→ **Work order**: What you produce should be the lines from the line containing "DIY Fluffy Mega Egg - Sensory Kit for Kids" through the last line below, both ends included, reproduced exactly and without pictures.

━━━ Data to process ━━━

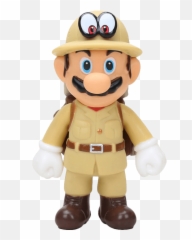 Super Mario 5u0027u0027 Figure Cappy Explorer Outfit New - Odyssey png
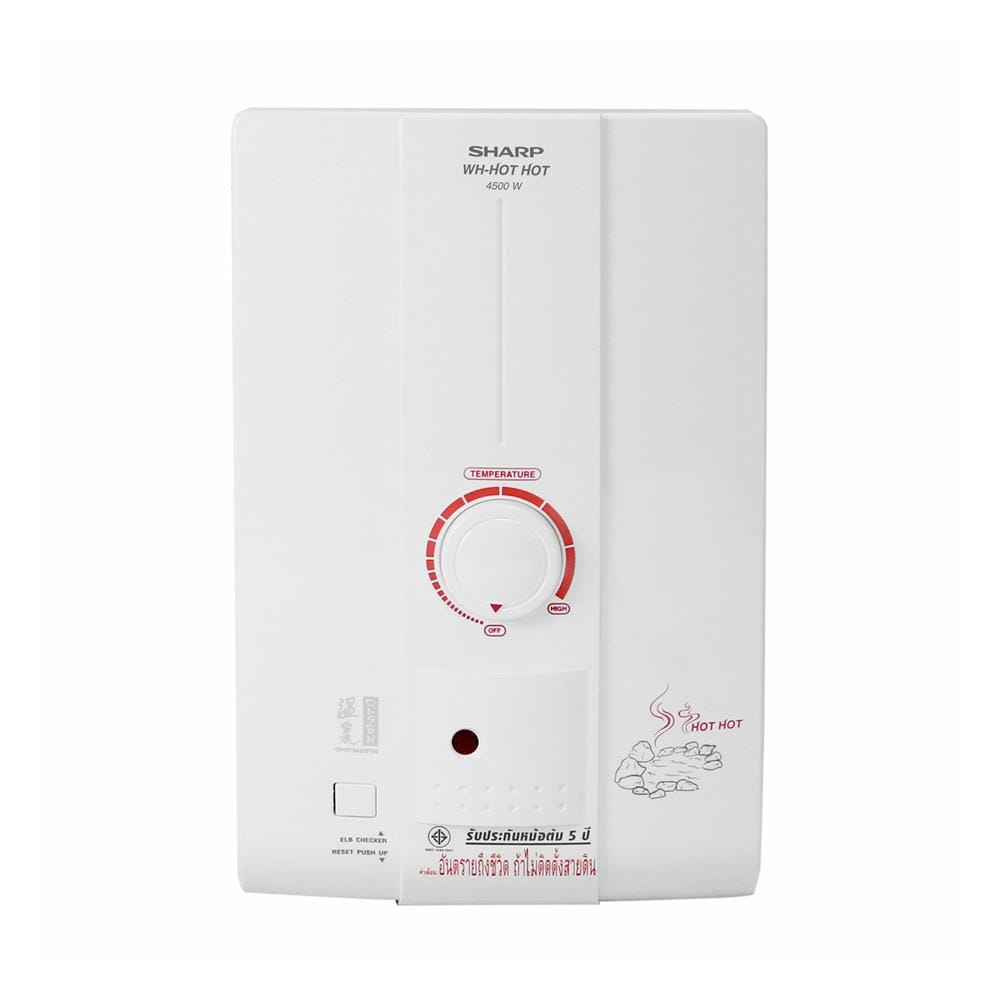 เครื่องทำน้ำอุ่น SHARP HOT HOT 4500 วัตต์ สีขาว
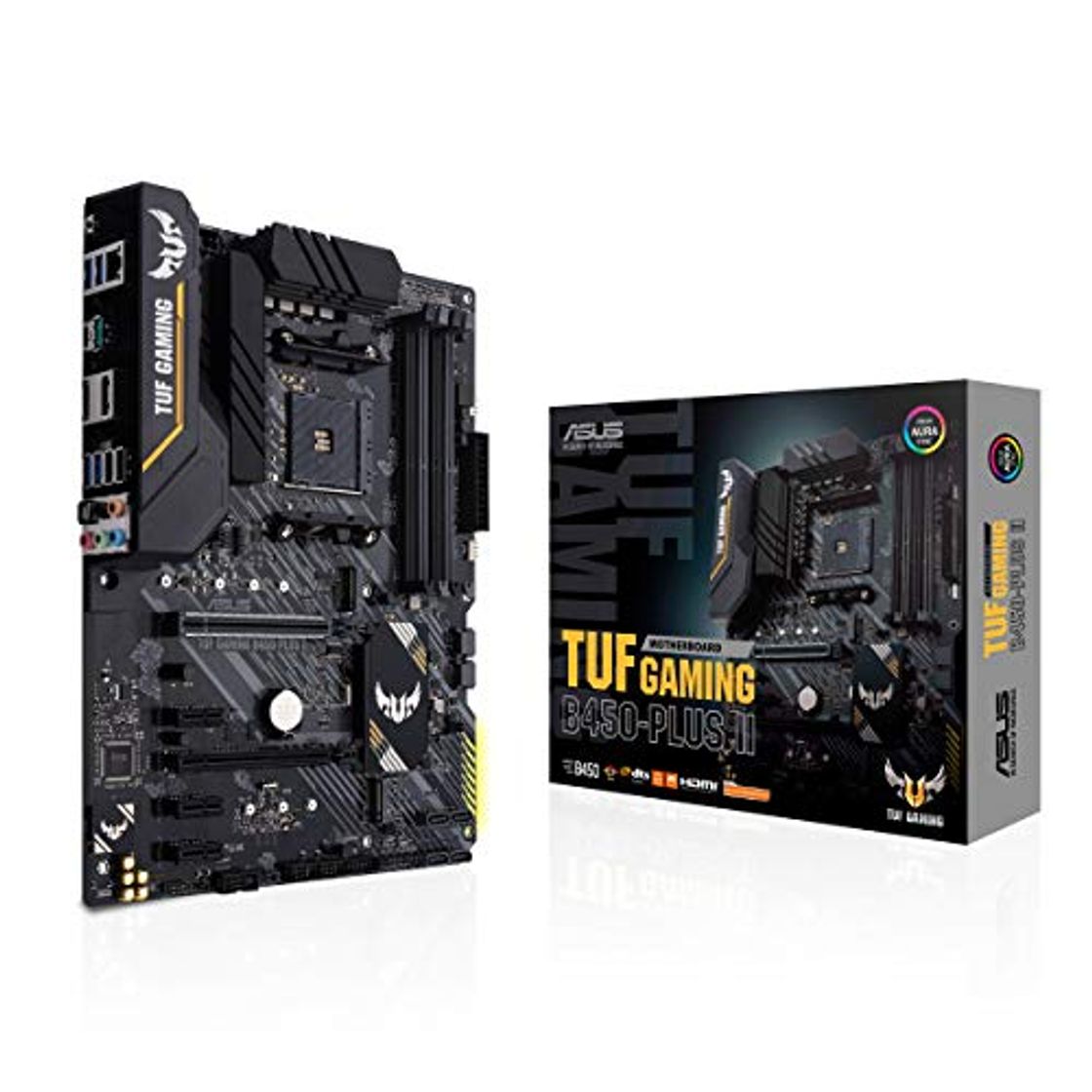 Producto ASUS Tuf Gaming B450-Plus II - Placa Base de Gaming ATX AM4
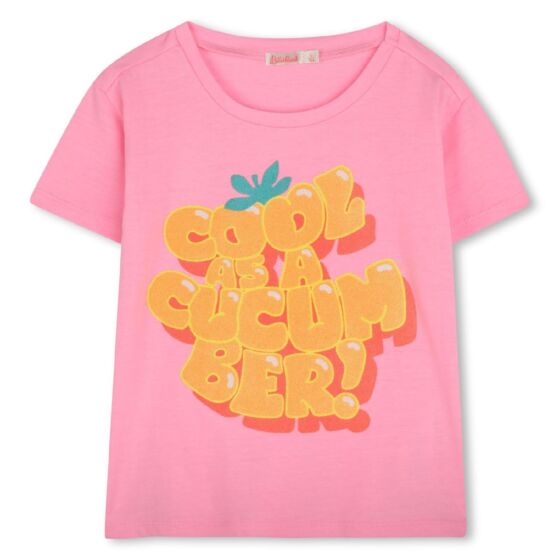 Billieblush - T-Shirt Cool As A Cucumber - Roze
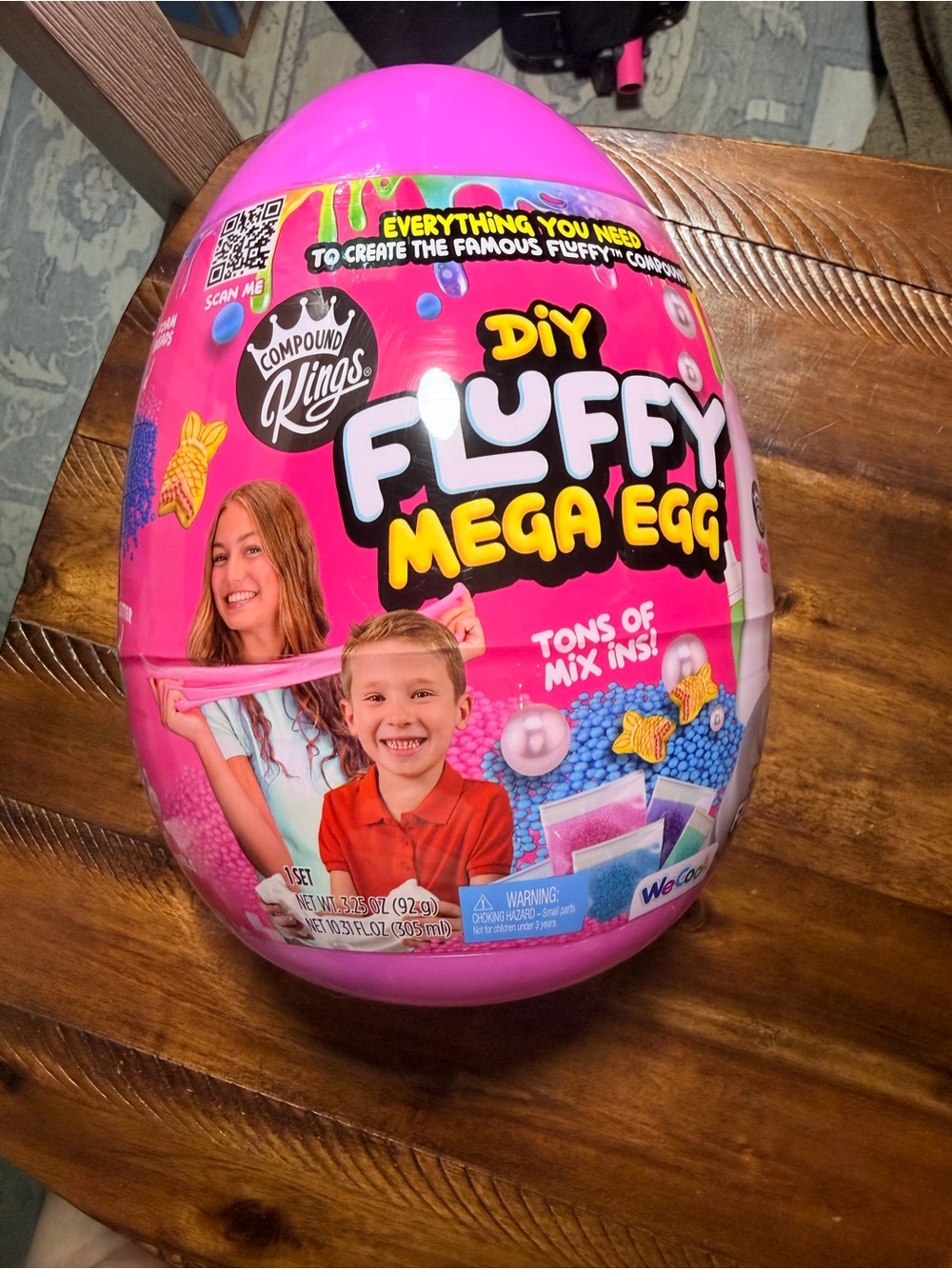 DIY Fluffy Mega Egg - Sensory Kit for Kids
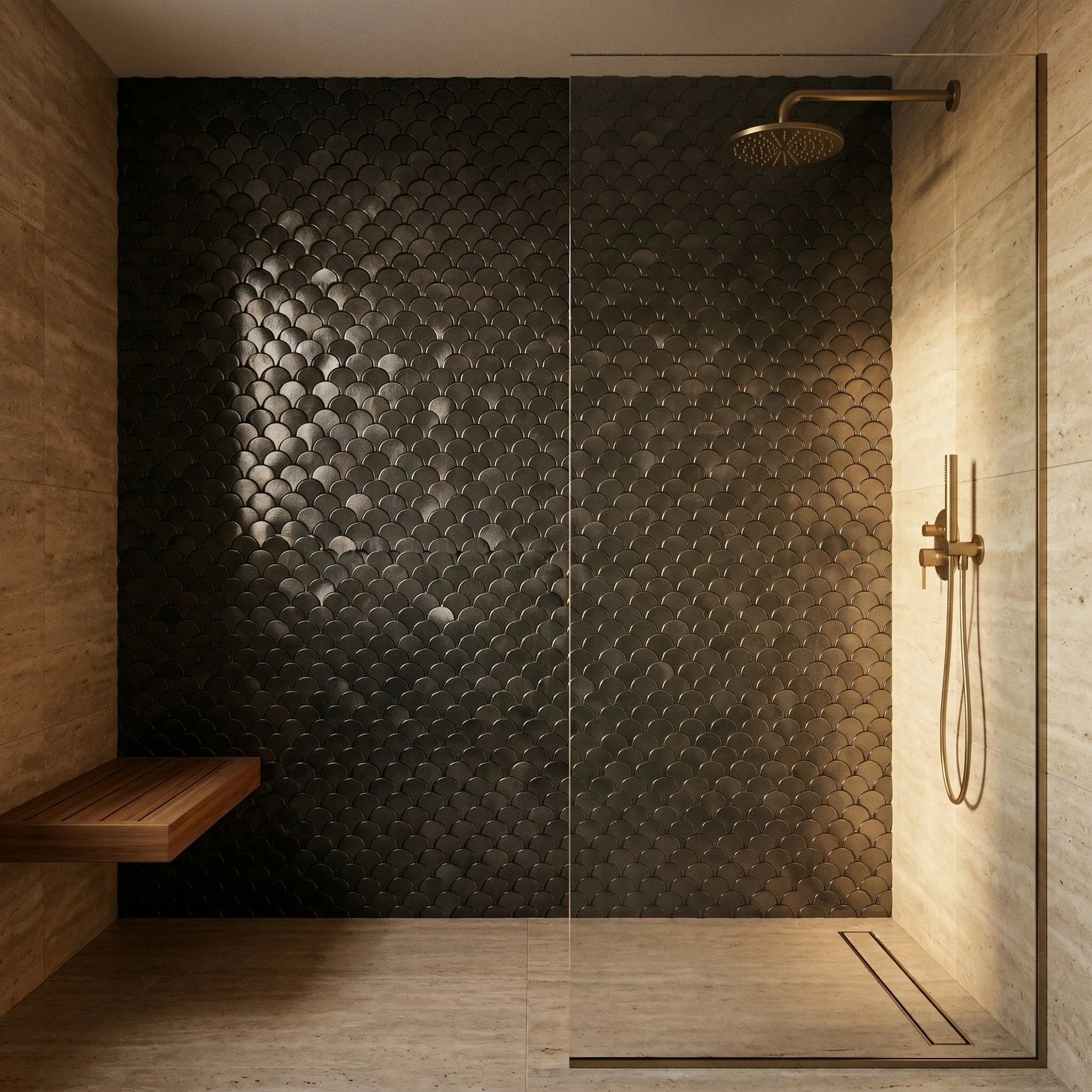 Peel and Stick Backsplash | Fish Scale 3D Anthracite | 11.73×11.34" - Image 3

━━━

→ **Response to the exercise**:
 DIY Fluffy Mega Egg - Sensory Kit for Kids
 Peel and Stick Backsplash | Fish Scale 3D Anthracite | 11.73×11.34" - Image 3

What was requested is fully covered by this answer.